Problem to work on :: Please output the entries that follow exactly, without a single image.

------------------------------------------------------------

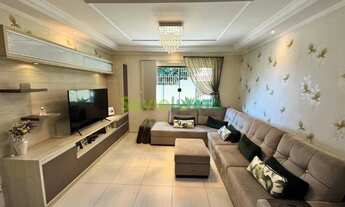 Imagem 4: Casa à venda com 3 quartos no Jardim Los Angeles- Maringá PR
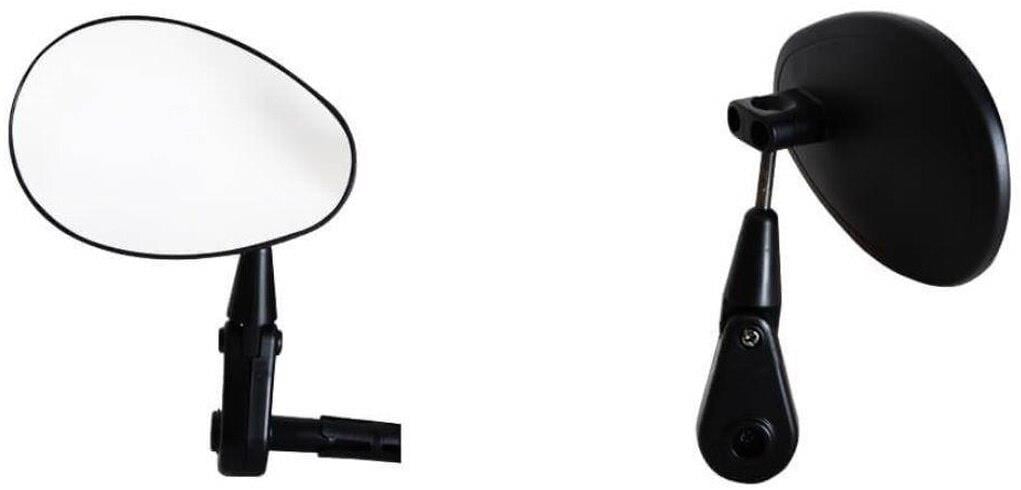 CarelleAYNAZozo Büyük Bisiklet Gidon Aynası 1 Adet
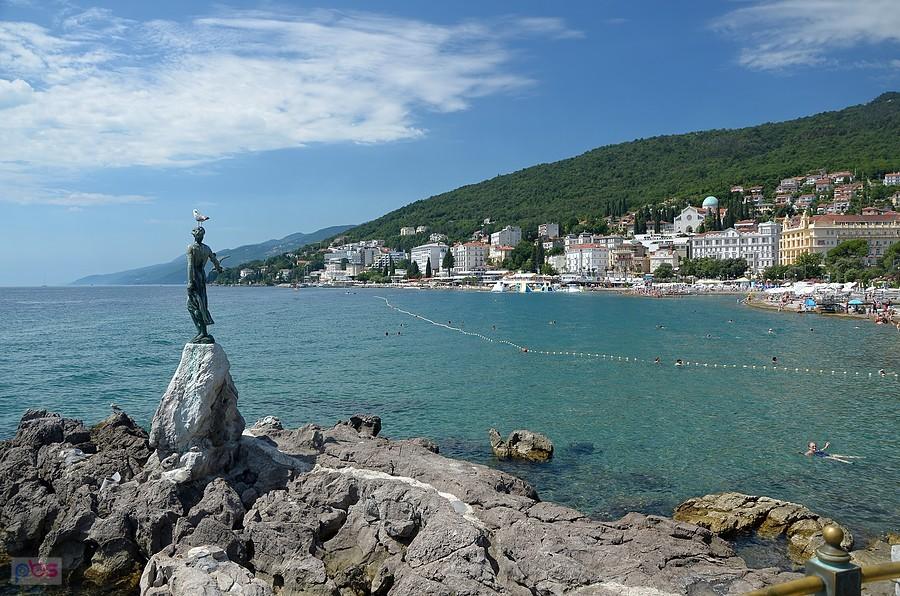 Opatija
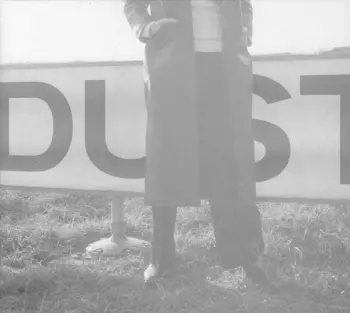 Laurel Halo: Dust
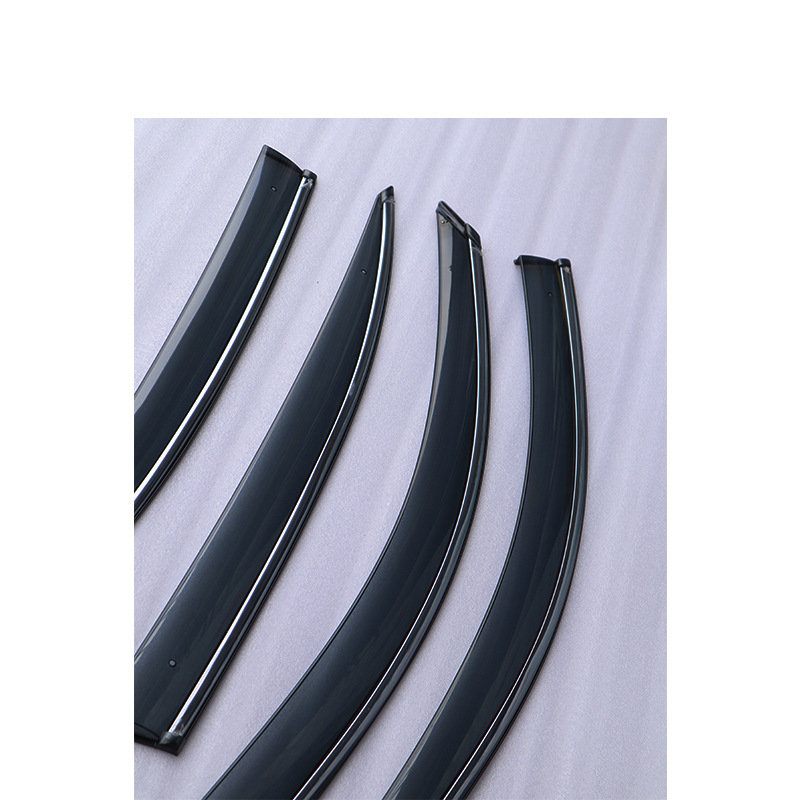 Suitable for 2005-19 Bmw 3 Series Standard Shaft Rain Shield Bmw3Seriese90F30Windowvisor Rain Shield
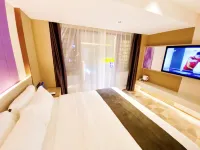 Jiangpan Elegant Restaurant Hotel (Suining County Government Branch)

------------------------------------------------------------

Response below ::
 Imagem 4: Casa à venda com 3 quartos no Jardim Los Angeles- Maringá PR
 CarelleAYNAZozo Büyük Bisiklet Gidon Aynası 1 Adet
 Opatija
 Laurel Halo: Dust
 Suitable for 2005-19 Bmw 3 Series Standard Shaft Rain Shield Bmw3Seriese90F30Windowvisor Rain Shield
 Jiangpan Elegant Restaurant Hotel (Suining County Government Branch)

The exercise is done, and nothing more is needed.